## Given data
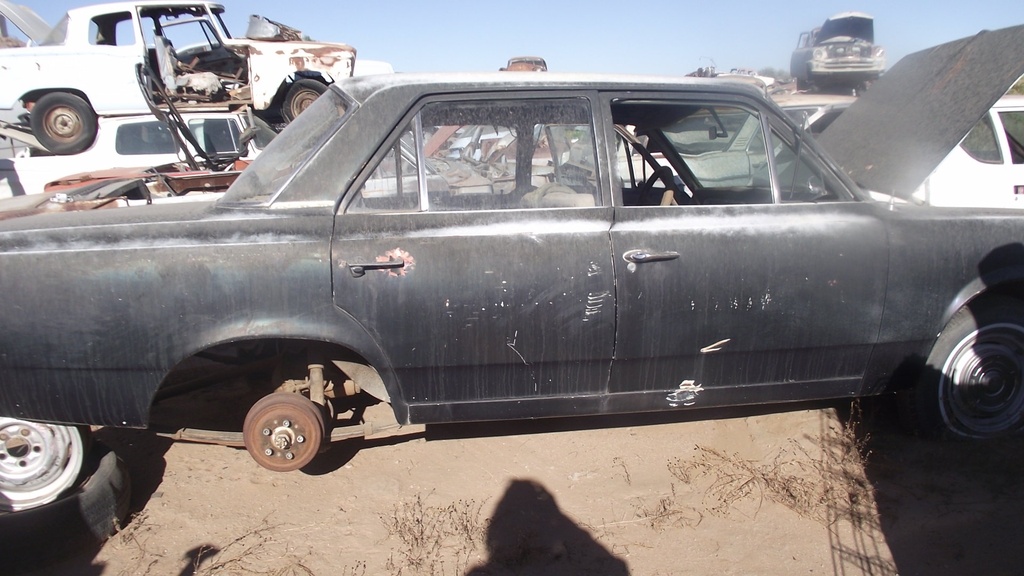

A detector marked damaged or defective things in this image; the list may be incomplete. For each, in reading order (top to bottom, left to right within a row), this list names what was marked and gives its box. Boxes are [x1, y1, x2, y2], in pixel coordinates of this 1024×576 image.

rusty car body [0, 0, 356, 153]
dent in car door [331, 96, 614, 420]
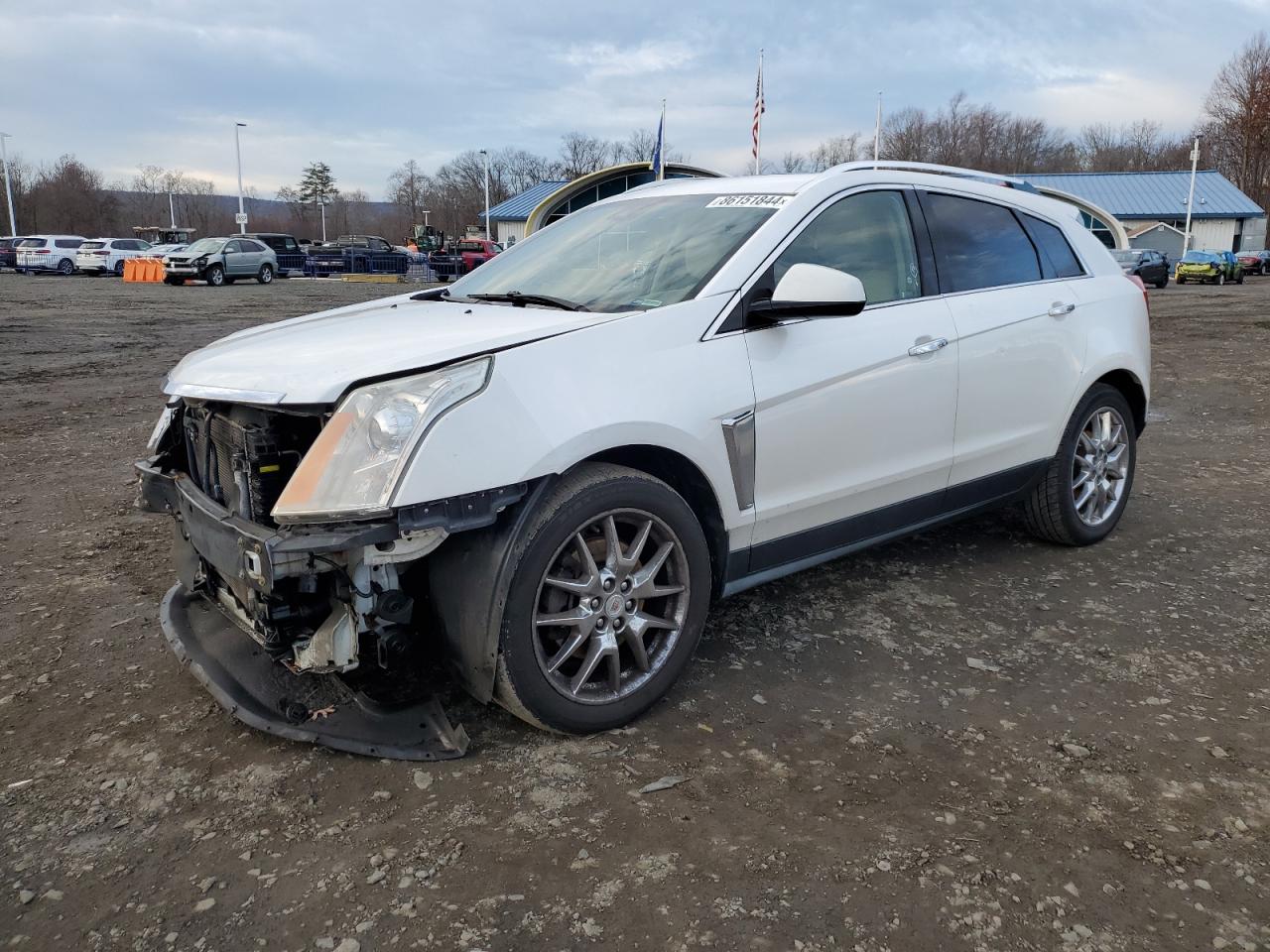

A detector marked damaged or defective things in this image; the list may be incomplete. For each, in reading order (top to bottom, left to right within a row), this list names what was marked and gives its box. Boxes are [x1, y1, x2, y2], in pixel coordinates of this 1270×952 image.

broken headlight housing [273, 355, 490, 523]
damaged front end [141, 398, 523, 767]
missing front bumper [162, 586, 472, 767]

## Problem requirements
Your copy must match the records above word for word and contain no pictures.

## Expected answer
A detector marked damaged or defective things in this image; the list may be incomplete. For each, in reading order (top to bottom, left to right within a row), this list names what was marked and gives its box. Boxes are [x1, y1, x2, y2], in pixel coordinates of this 1024×576 image.

rusty car body [0, 0, 356, 153]
dent in car door [331, 96, 614, 420]

A detector marked damaged or defective things in this image; the list may be incomplete. For each, in reading order (top to bottom, left to right within a row), this list names what was marked and gives its box. Boxes are [x1, y1, x2, y2], in pixel coordinates of this 1270×952 image.

broken headlight housing [273, 355, 490, 523]
damaged front end [141, 398, 523, 767]
missing front bumper [162, 586, 472, 767]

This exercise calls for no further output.